__Exercise goal__. Skip every picture, then write out exactly the lines of the listing below from the line that contains "Ceramic Braces product image" through the final line.

═══ Dataset excerpt ═══

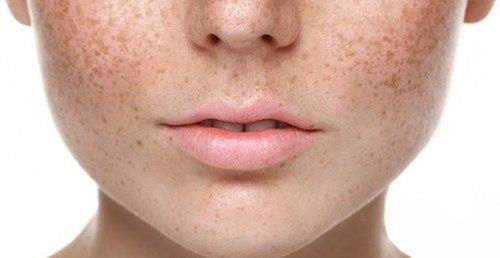 Các vấn đề về da thường gặp ở người lớn: Bệnh zona, nổi mề đay và hơn thế nữa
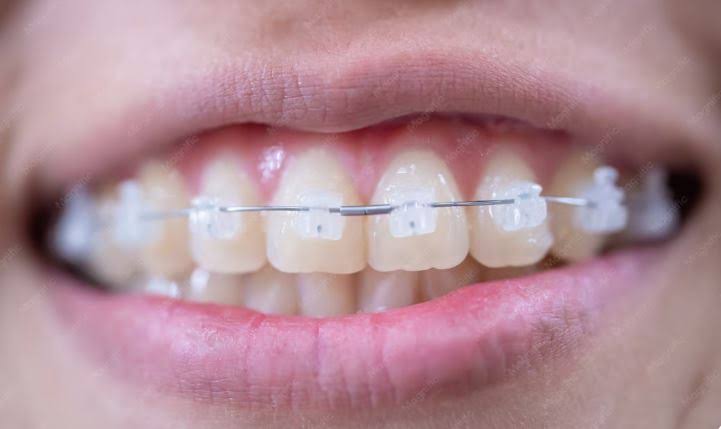 Ceramic Braces product image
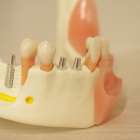 インプラント治療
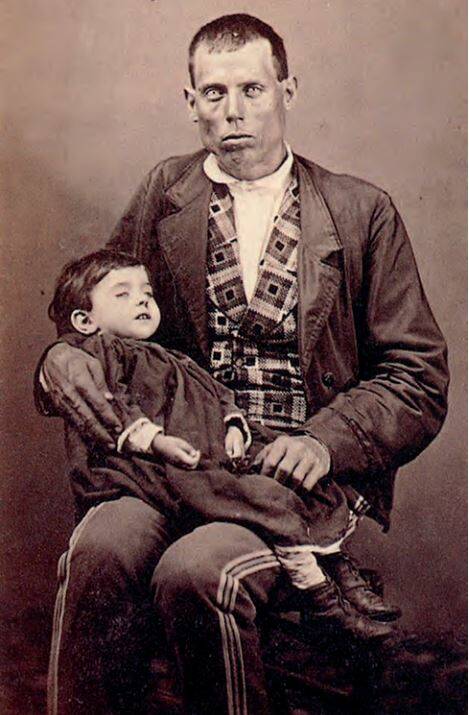 Padre con su hija difunta. José Rodrigo. 1875.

═══

__Exercise response__.
 Ceramic Braces product image
 インプラント治療
 Padre con su hija difunta. José Rodrigo. 1875.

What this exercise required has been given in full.